» **Supplied information**
* * * * * * * * *

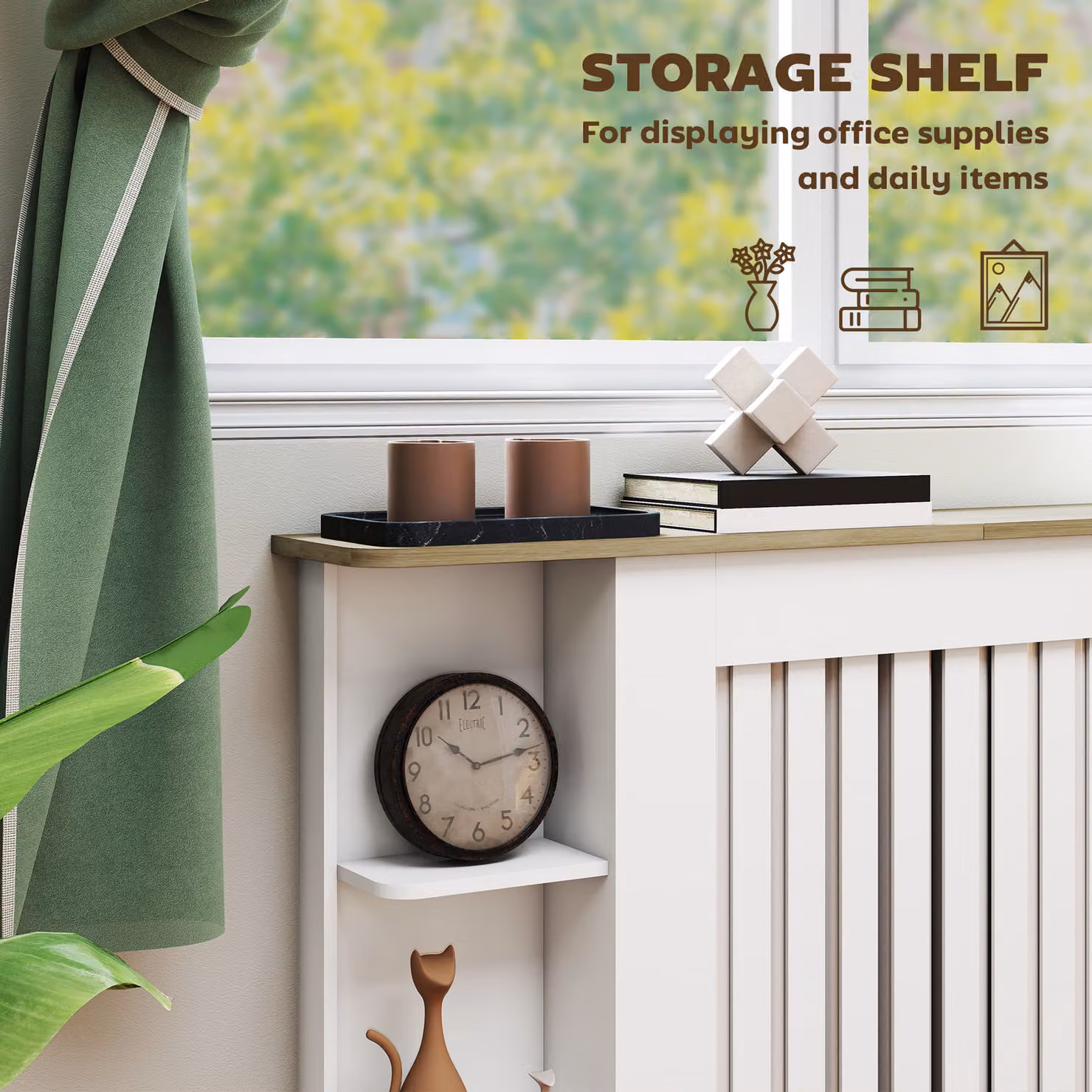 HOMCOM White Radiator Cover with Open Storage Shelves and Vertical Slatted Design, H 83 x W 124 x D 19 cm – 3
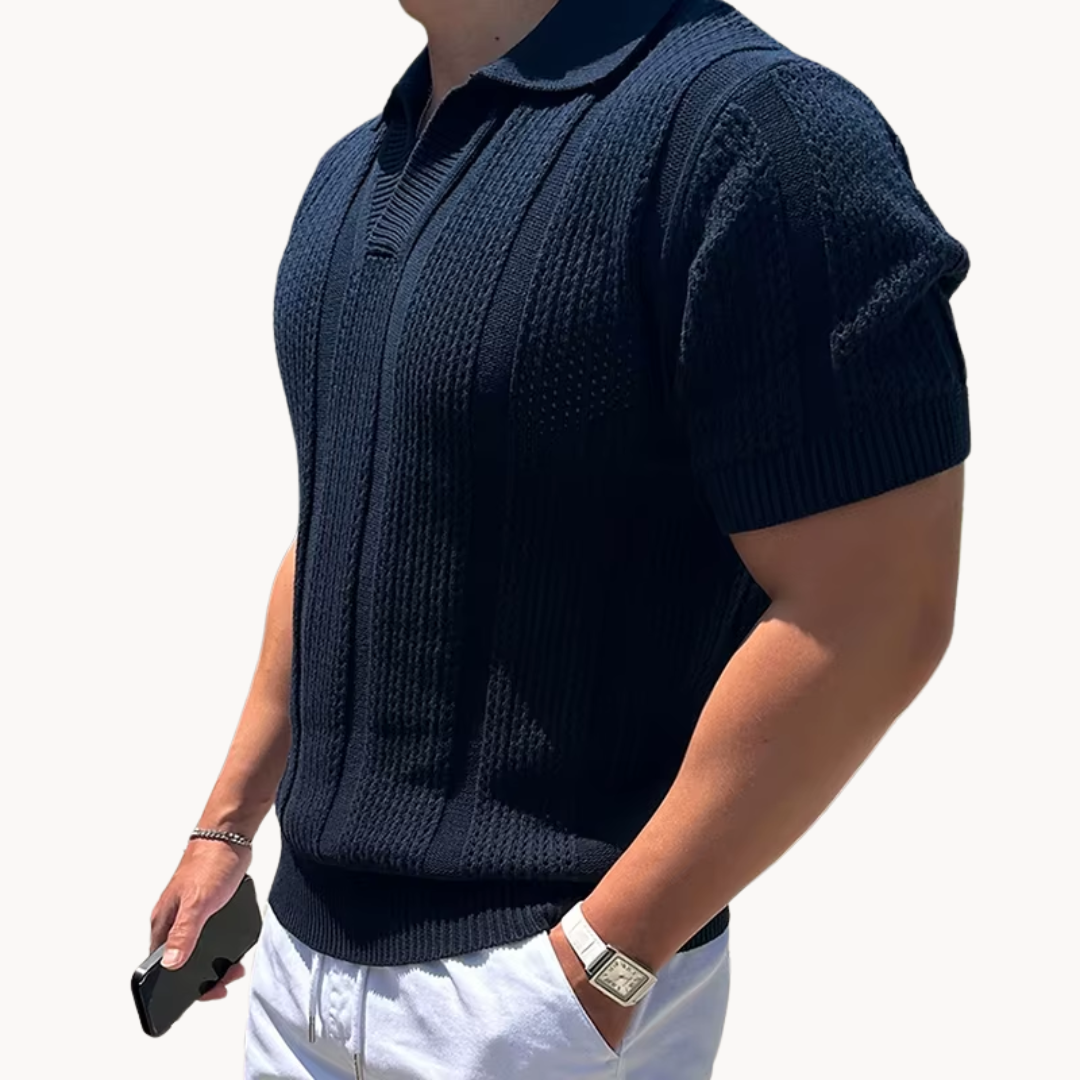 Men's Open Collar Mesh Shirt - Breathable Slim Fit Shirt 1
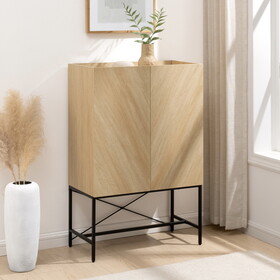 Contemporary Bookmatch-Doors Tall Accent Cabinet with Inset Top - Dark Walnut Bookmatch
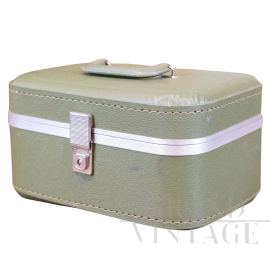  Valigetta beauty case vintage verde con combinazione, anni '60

* * * * * * * * *

» **Work item**
Nothing but the lines from the one that contains "Men's Open Collar" through the last line of the material should be written out, exactly. Omit pictures.

» **Response to the task**
 Men's Open Collar Mesh Shirt - Breathable Slim Fit Shirt 1
 Contemporary Bookmatch-Doors Tall Accent Cabinet with Inset Top - Dark Walnut Bookmatch
  Valigetta beauty case vintage verde con combinazione, anni '60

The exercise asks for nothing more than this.